§ **TASK TO CARRY OUT**
Without the pictures, retype each line below exactly as it stands.

§ **SUPPLIED DATA**
________________________________________

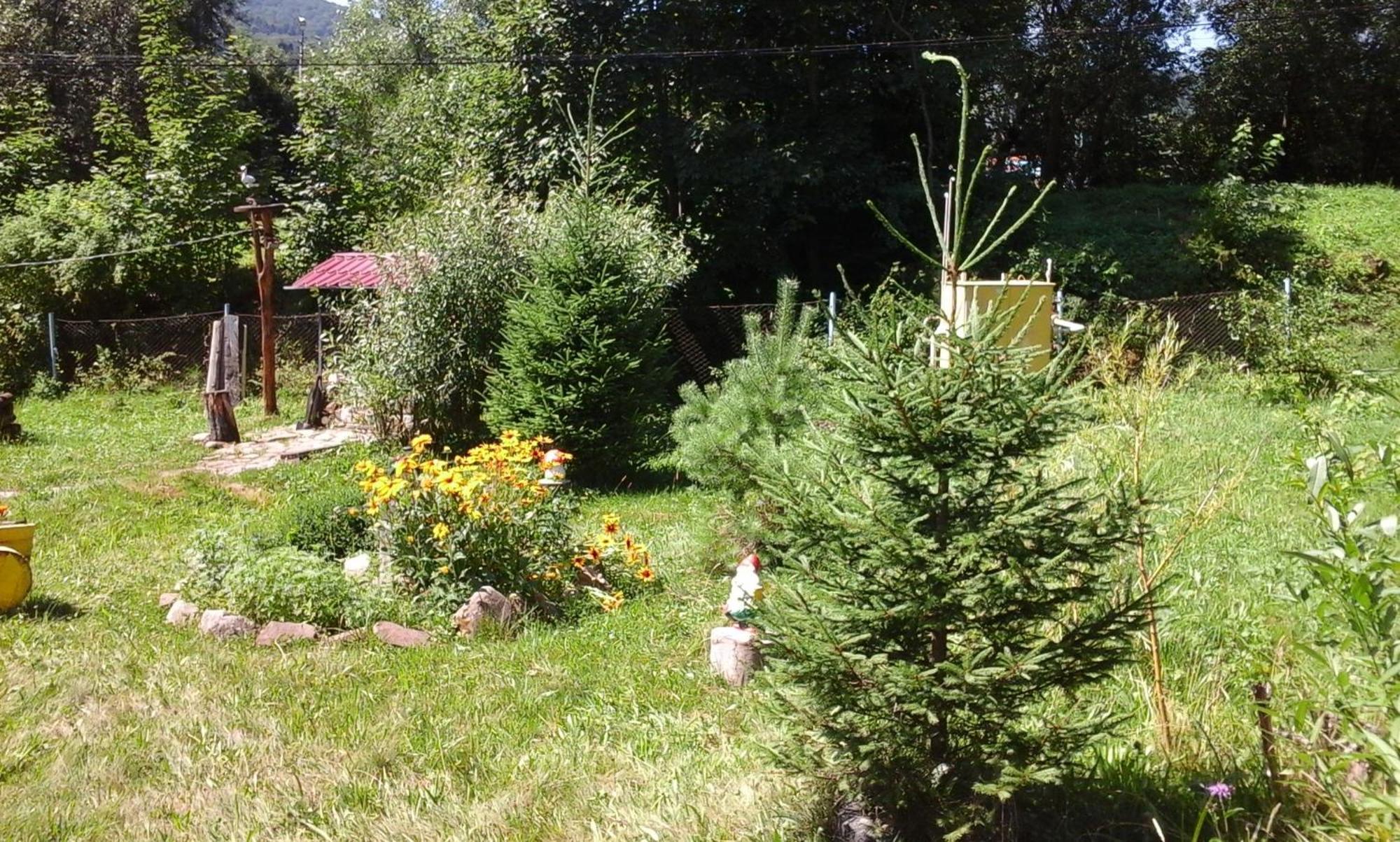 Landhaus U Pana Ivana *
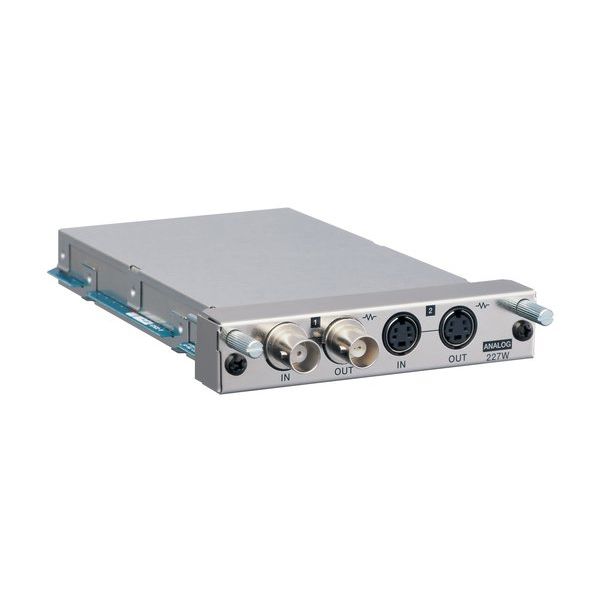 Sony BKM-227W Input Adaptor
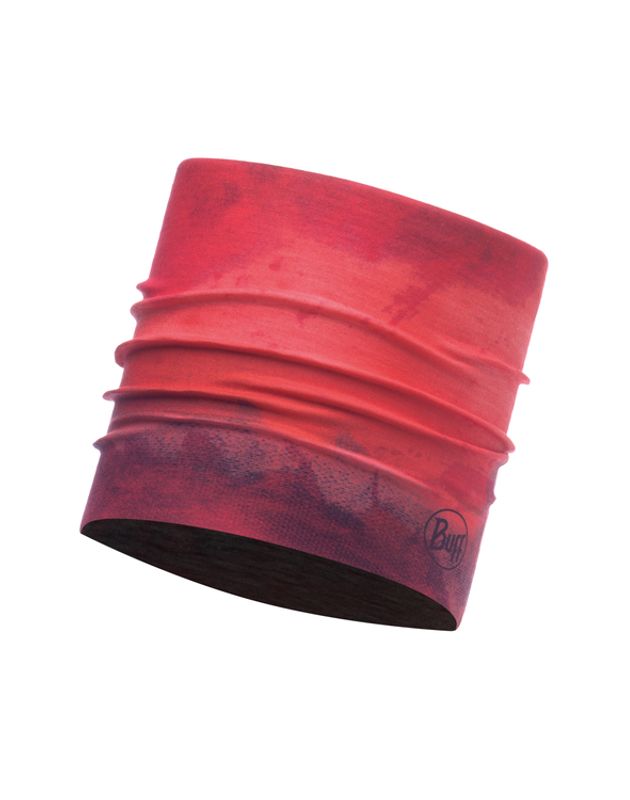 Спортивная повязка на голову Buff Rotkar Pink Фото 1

________________________________________

§ **RESPONSE FOR THIS EXERCISE**
 Landhaus U Pana Ivana *
 Sony BKM-227W Input Adaptor
 Спортивная повязка на голову Buff Rotkar Pink Фото 1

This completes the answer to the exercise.